Department of Nutrition Science, Purdue University, West Lafayette, IN 47907, USA.
School of Electrical and Computer Engineering, Purdue University, West Lafayette, IN 47907, USA.
Prev Med. 2021 Jul;148:106538. doi: 10.1016/j.ypmed.2021.106538. Epub 2021 Mar 30.

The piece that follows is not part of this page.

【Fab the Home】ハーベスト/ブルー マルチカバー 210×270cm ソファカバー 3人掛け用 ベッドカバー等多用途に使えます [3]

Few attempts have been made to incorporate multiple aspects of physical activity (PA) to classify patterns linked with health. Temporal PA patterns integrating time and activity counts were created to determine their association with health status. Accelerometry data from the National Health and Nutrition Examination Survey 2003-2006 was used to pattern PA counts and time of activity from 1999 adults with one weekday of activity. Dynamic time warping and kernel k-means clustering partitioned 4 participant clusters representing temporal PA patterns. Multivariate regression models determined associations between clusters and health status indicators and obesity, type 2 diabetes, and metabolic syndrome. Cluster 1 with a temporal PA pattern of the lowest activity counts reaching 4.8e cph from 6:00-23:00 was associated with higher body mass index (BMI) (β = 2.5 ± 0.6 kg/m, 95% CI: 1.0, 4.1), higher waist circumference (WC) (β = 6.4 ± 1.3 cm, 95% CI: 2.8, 10.0), and higher odds of obesity (OR: 2.4; 95% CI: 1.3, 4.4) compared with Cluster 3 with activity counts reaching 9.6e-1.2e cph between 16:00-21:00. Cluster 1 was also associated with higher BMI (β = 1.5 ± 0.5 kg/m, 95% CI: 0.1, 2.8) and WC (β = 3.6 ± 1.3 cm, 95% CI: 0.1, 7.0) compared to Cluster 4 with activity counts reaching 9.6e cph between 8:00-11:00. A Temporal PA pattern with the lowest PA counts had significantly higher mean BMI and WC compared to temporal PA patterns of higher activity counts performed early (8:00-11:00) or late (16:00-21:00) throughout the day. Temporal PA patterns appear to meaningfully link to health status.
目前很少有研究尝试综合多个方面的身体活动(PA)来对与健康相关的模式进行分类。本研究旨在创建整合时间和活动计数的时间 PA 模式,以确定其与健康状况的关联。本研究使用了 2003-2006 年全国健康和营养调查的加速度计数据,对 1999 名成年人在一个工作日的活动数据进行 PA 计数和活动时间的模式分析。动态时间扭曲和核 k-均值聚类将 4 个代表时间 PA 模式的参与者聚类进行分区。多元回归模型确定了聚类与健康状况指标以及肥胖、2 型糖尿病和代谢综合征之间的关联。聚类 1 的活动计数最低,从 6:00 到 23:00 达到 4.8e cph,与更高的体重指数(BMI)(β=2.5±0.6 kg/m,95%CI:1.0,4.1)、更高的腰围(WC)(β=6.4±1.3 cm,95%CI:2.8,10.0)和更高的肥胖症发病风险(OR:2.4;95%CI:1.3,4.4)相关,与聚类 3 相比,聚类 3 的活动计数在 16:00 到 21:00 之间达到 9.6e-1.2e cph。与聚类 4 相比,聚类 1 还与更高的 BMI(β=1.5±0.5 kg/m,95%CI:0.1,2.8)和 WC(β=3.6±1.3 cm,95%CI:0.1,7.0)相关,聚类 4 的活动计数在 8:00 到 11:00 之间达到 9.6e cph。与活动计数较高的早(8:00-11:00)或晚(16:00-21:00)全天时间的 PA 模式相比,最低 PA 计数的时间 PA 模式的平均 BMI 和 WC 显著更高。时间 PA 模式似乎与健康状况有明显的关联。